If there is no free spot the function returns 0.
Finally we can code the part in which all the magic happens – main simulation procedure. It is hard to dissect the whole procedures into parts, so I did my best to explain everything in the comments.

void simulate(int nSteps) {
    
    vector<cell> cellsTmp;
    int newSite;
    cell currCell, newCell;
    
    for (int i=0; i<nSteps; i++) {
       random_shuffle(cells.begin(), cells.end()); //shuffling cells
       while (!cells.empty()) {
           currCell=cells.back(); //pick the cell
           cells.pop_back();
           newSite = returnEmptyPlace(currCell.place);
           
           if (newSite) {//if there is a new spot
               newCell = currCell;
               newCell.place = newSite;
               if ((double)rand()/(double)RAND_MAX < pDiv) {
                   if (currCell.is_stem) {
                       lattice[newSite]=true;
                       cellsTmp.push_back(currCell);
                       if ((double)rand()/(double)RAND_MAX > ps) {//asymmetric division
                           newCell.is_stem = false;
                       }
                       cellsTmp.push_back(newCell);
                   } else if (currCell.p > 0 && (double)rand()/(double)RAND_MAX > alpha) {
                       currCell.p--;
                       newCell.p--;
                       lattice[newSite] = true;
                       cellsTmp.push_back(currCell);
                       cellsTmp.push_back(newCell);
                   } else {
                       lattice[currCell.place] = false;
                   }
               } else if ((double)rand()/(double)RAND_MAX < pmig) {
                   lattice[currCell.place] = false;
                   lattice[newSite] = true;
                   cellsTmp.push_back(newCell);
               } else {//doing nothing
                 cellsTmp.push_back(currCell);
               }
           } else {//no free spot
               cellsTmp.push_back(currCell);
           }
       }
       cells.swap(cellsTmp);
    }
}

Now we wrap everything in the main function, compile and run.

int main() {
    srand(time(NULL)); //initialize random number generator
    initialize(); //initialize CA
    simulate(24*30*6);
    return 0;
}

Everything in about 100 lines of the code.
What about the speed of the code?
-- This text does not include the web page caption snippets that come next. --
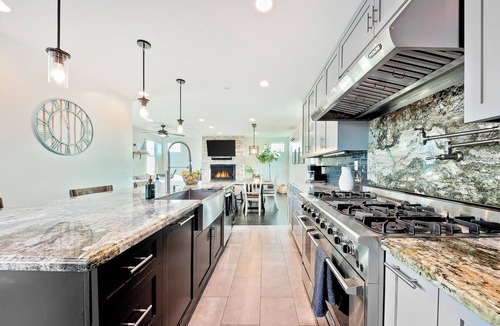 South Mission Beach House | Grand 5BD Tri-Level Home with Bay Views Garage Parking AC & Large Patio!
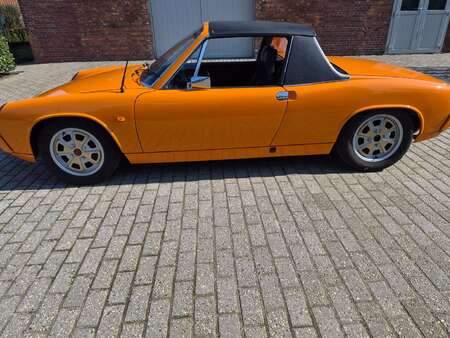 PORSCHE 914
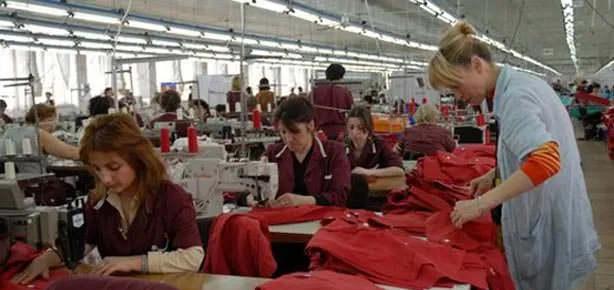 10 bin tekstil işçisi mesaide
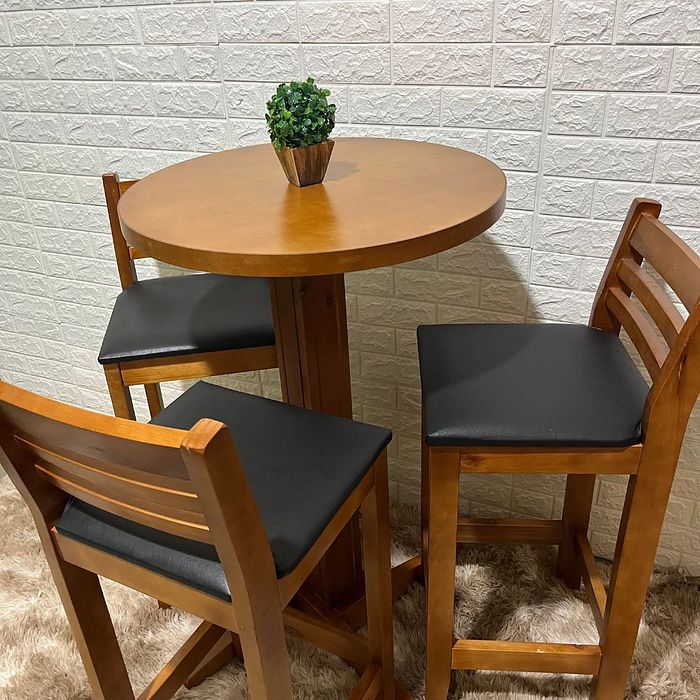 Conjunto Bistrô Fixo Mesa 3 Banquetas Estofadas de Madeira
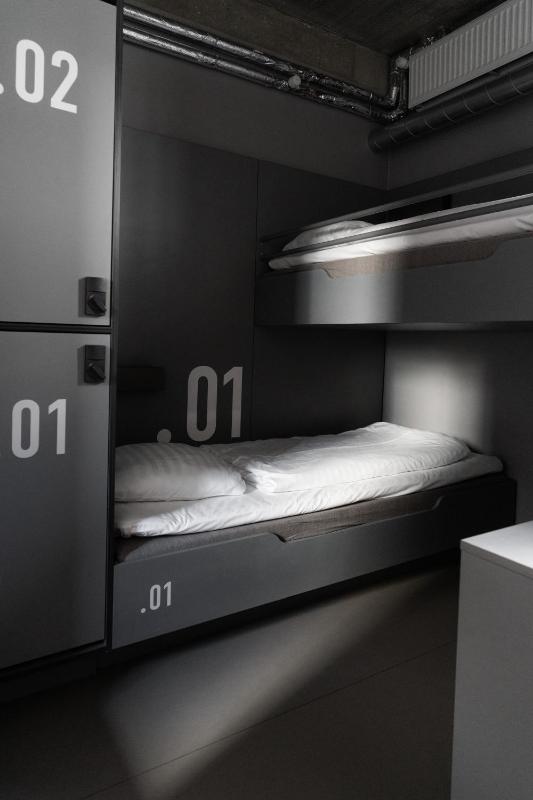 Twin Room with Shared Toilet image 1
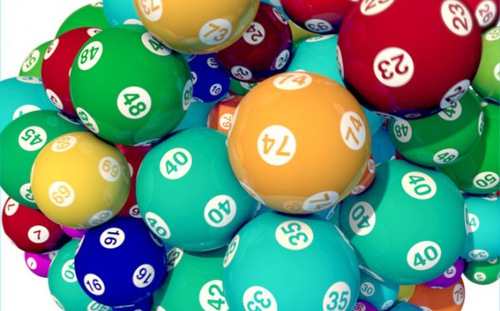 Đà tăng trưởng đó tiếp tục được Vietlott duy trì trong những tháng đầu 
tiên của năm 2017 với tổng doanh thu bán vé trong 2 tháng đầu năm 2017 
đạt khoảng 756 tỷ đồng.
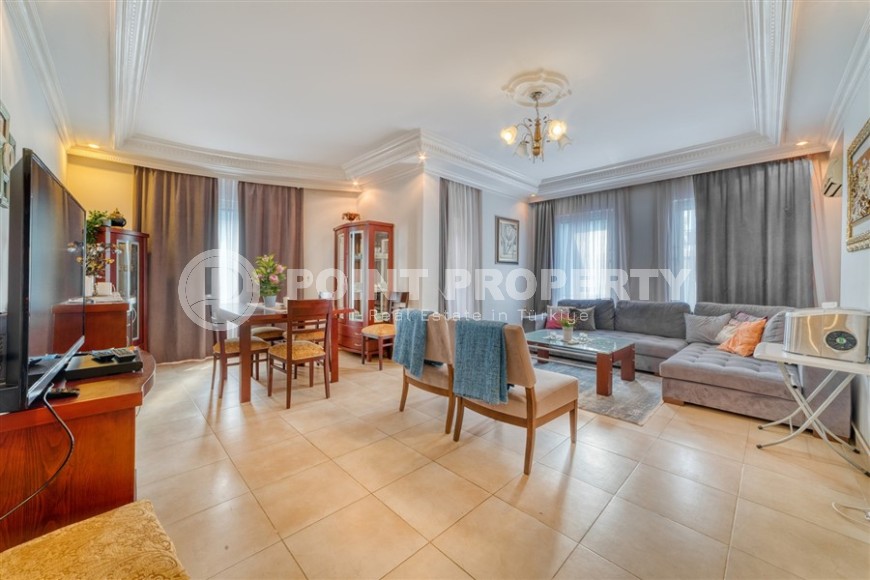 Spacious panoramic apartment overlooking the city and the Taurus Mountains, 700 meters from the sea, in the very center of Alanya-id-5820-photo-2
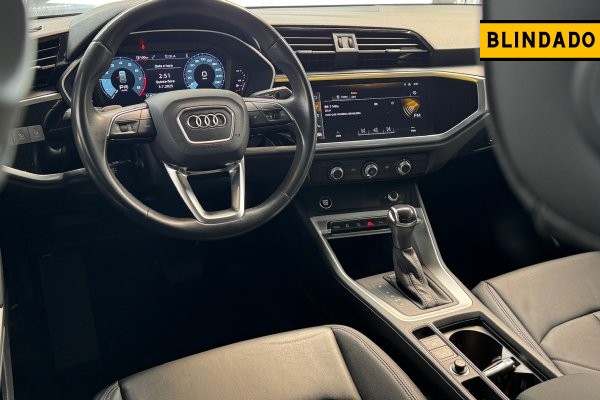 AUDI Q3 2.0 40 TFSI GASOLINA PRESTIGE QUATTRO TIPTRONIC 2022/2023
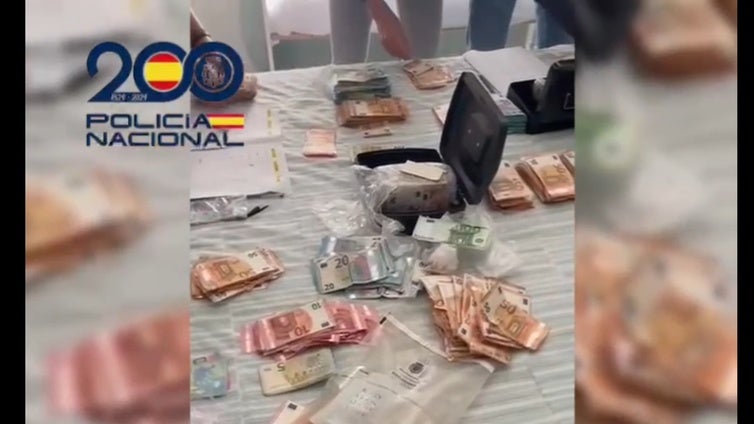 Medio kilo de cocaína y 100.000 euros en metálico, intervenidos a un vecino de La Laguna en Cádiz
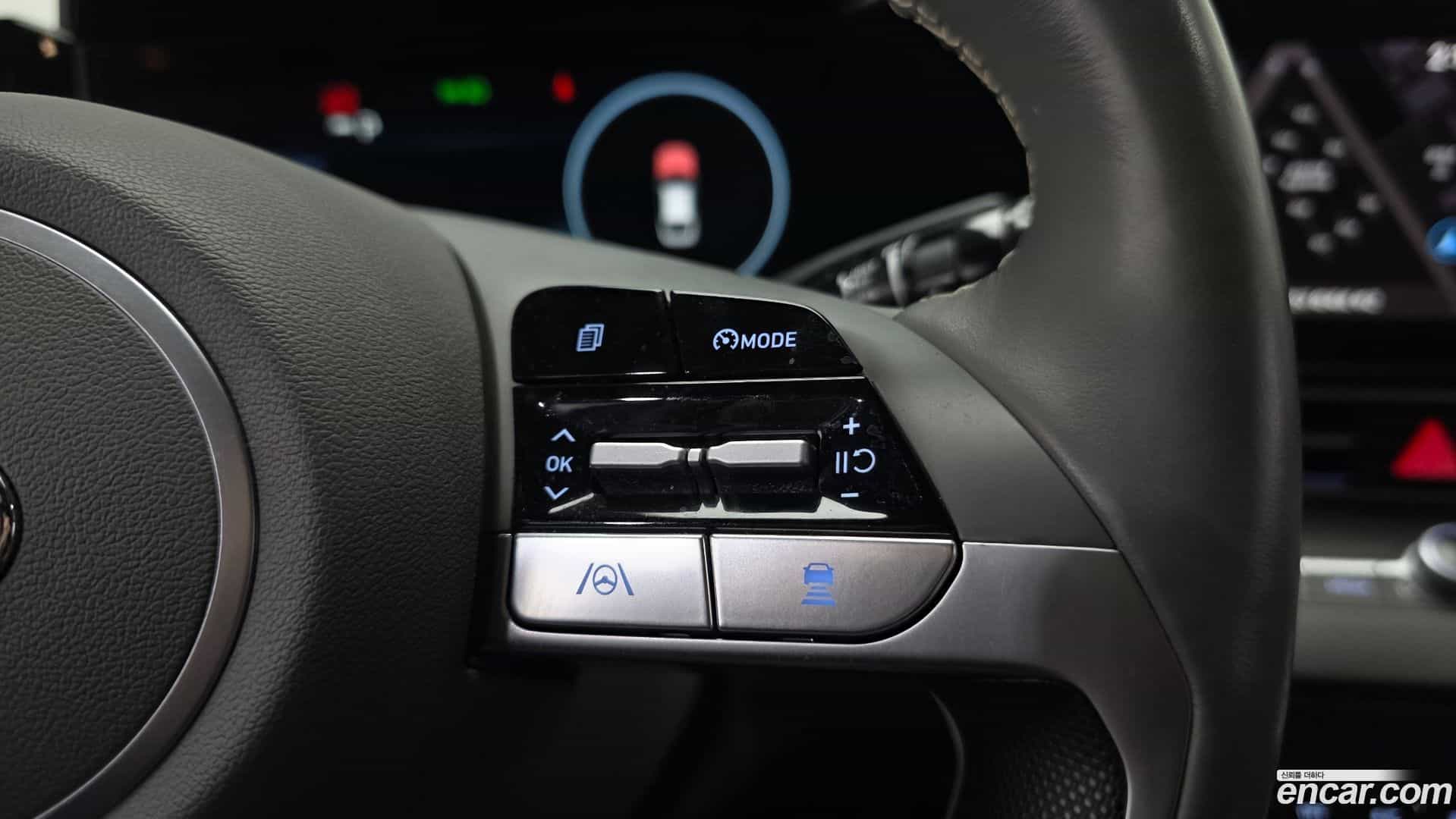 AVANTE Hyundai 2023.2-OPTION-045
It took about 40 seconds to simulate the tumor presented below, which is consisted of about 460,000 cells (on 2000×2000 lattice).

Screen Shot 2015-06-06 at 12.24.53 AM

Why is it “almost” the same model as the one presented in previous post? The answer is in details. In the above C++ implementation lattice is updated after every single cell movement/death, i.e. because of the random shuffling a new free spot can be created for a cell that at the beginning of the iteration was quiescent (without a free spot), so it can successfully proliferate in the same iteration. In the MATLAB implementation that kind of behavior was avoided.